Calibration serves several purposes. It helps give you a true color display, and aligns the color of what you see to what it really is. In addition, proper calibration can help reduce strain on your eyes if you tend to stare at computer screens all day for work. Color calibration can sound intimidating, but there are a couple different ways to do it, and they range from easy to really easy.
Before You Calibrate…
There are just a couple of steps to take before we get underway. First, make sure your monitor has been running for about half an hour so it’s had time to warm up. Make sure the screen is running at its native resolution and reset your it back to factory setting before calibration. Any adjustments you’ve made prior to this point are now useless, so ditch them. Lastly, make sure you’re aware of how to change the color, brightness and contrast controls manually. You may need to use these later.
Regardless of whether you use Windows or OS X your computer has a calibration program built into the operating system. Calibrating this way will not be as accurate because you’ll be depending solely on your eyes, but it will help a little bit. In order to get to the program in Windows, go to the Display Control Panel. In OS X, the tool will be found in the Display System Preferences in the Color tab.
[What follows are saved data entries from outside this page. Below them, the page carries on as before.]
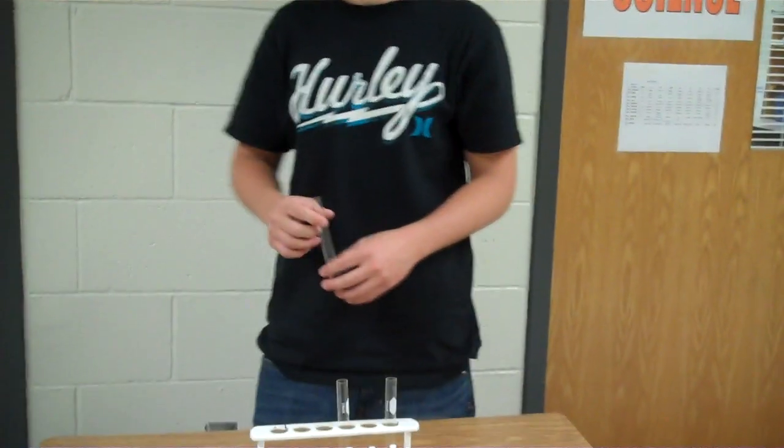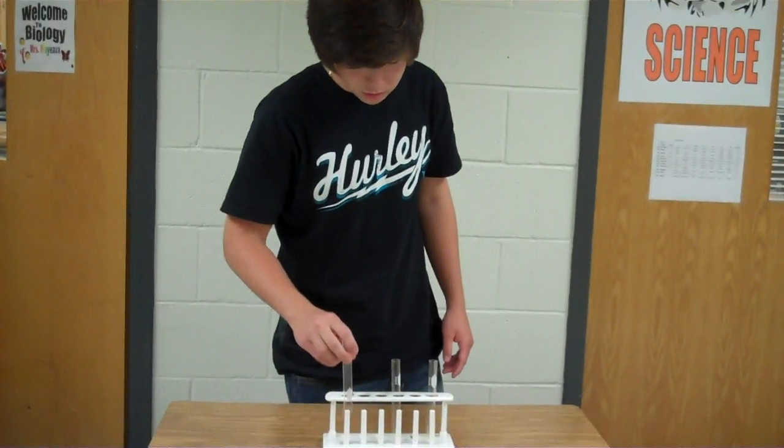When done with the test tube, thoroughly wash in a sink and place on the dry rack to dry.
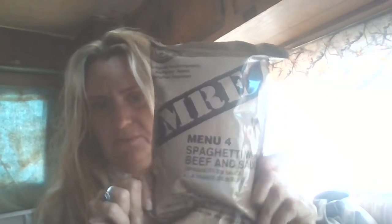We've got MREs. I don't know how to make that. Can you read it? Is it the right way for you to be able to read that? Spaghetti. Spaghetti and beef and sauce. I've never had one of these before. And you can get these, which are available on Amazon. They're like $70 a box and it comes with like 12 of these in them. I heard they were good.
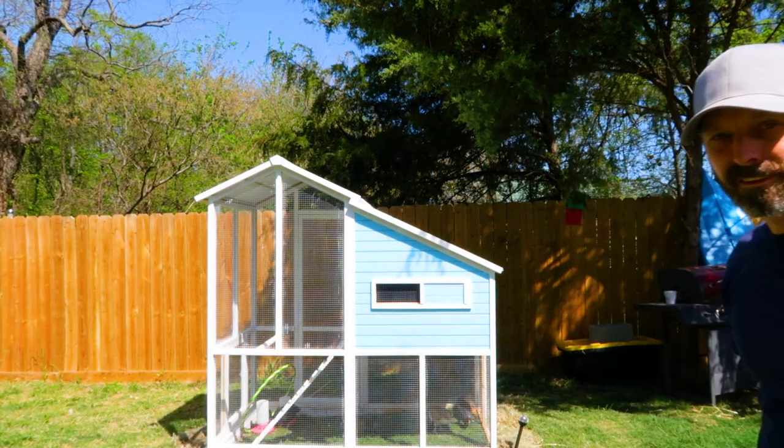Today I'm going to show you this chicken coop. I picked it up at Tractor Supply and I'm going to show you how I built it and what I think about it, so stick around.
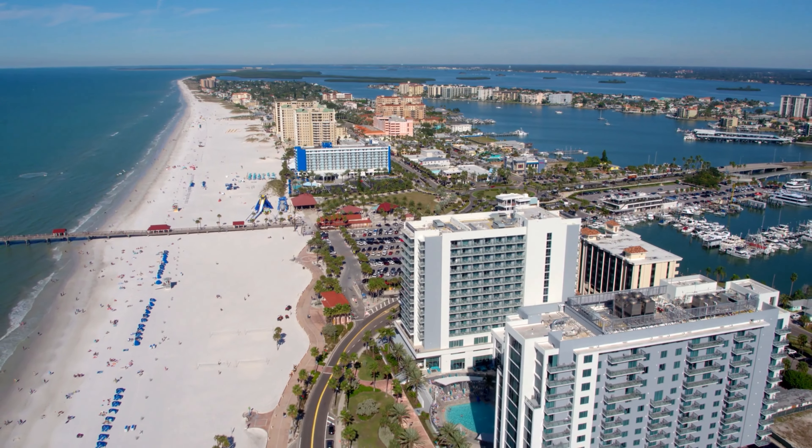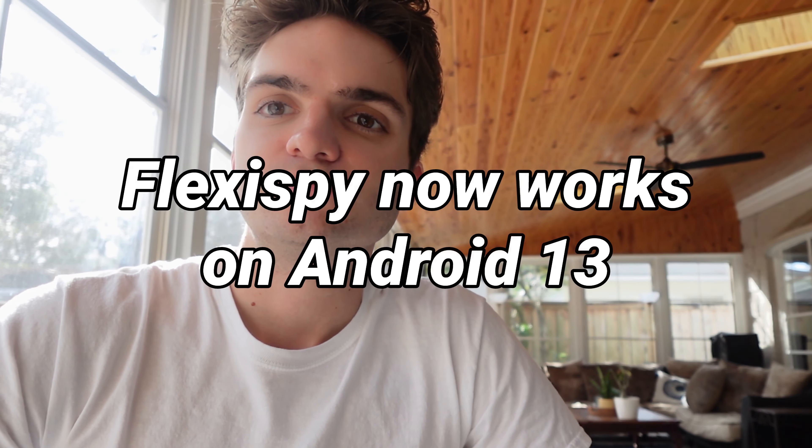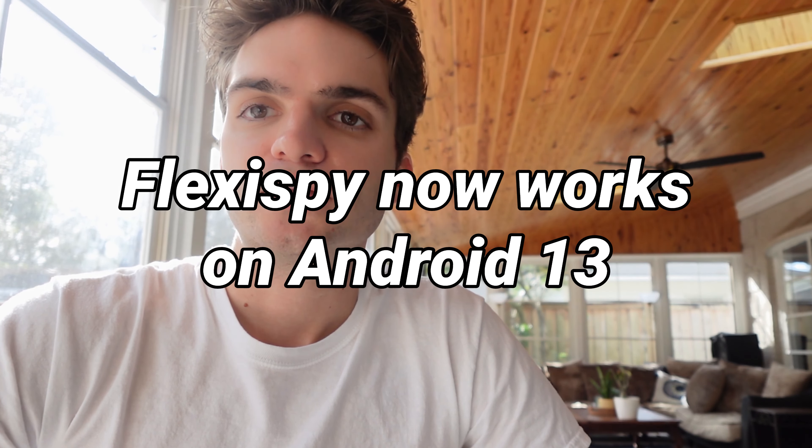Hey guys, it's TheSpyUpGuy here today, coming at you from Florida. It's about 70 degrees now, so very nice weather. I wanted to make a video update for you and let you know that Flixispy now works on Android 13.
They’re pretty self-explanatory so just follow the instructions.
Okay, so let’s say you’ve done the built-in calibration, but when you try to print out that awesome Incredible Hulk poster, he’s looking a little too lime green. You need a more accurate calibration. This can be done relatively cheap with a colorimeter
. These handy little gadgets stick to your display and connect to your computer via USB. They sense the colors being output by the screen and use software to adjust accordingly.
One of the most popular, and wallet-friendly options is the Pantone Huey Pro
. It has an ambient light sensor so it only calibrates the color emitted from your screen. It can also do multiple-monitor calibrations. The Huey Pro is easy to use, and it can be found online for about $69
There are several other colorimeter options out there, so look around for the one that best suits your needs. Whatever you decide, even the most basic color calibration can save you a lot of headaches (literally).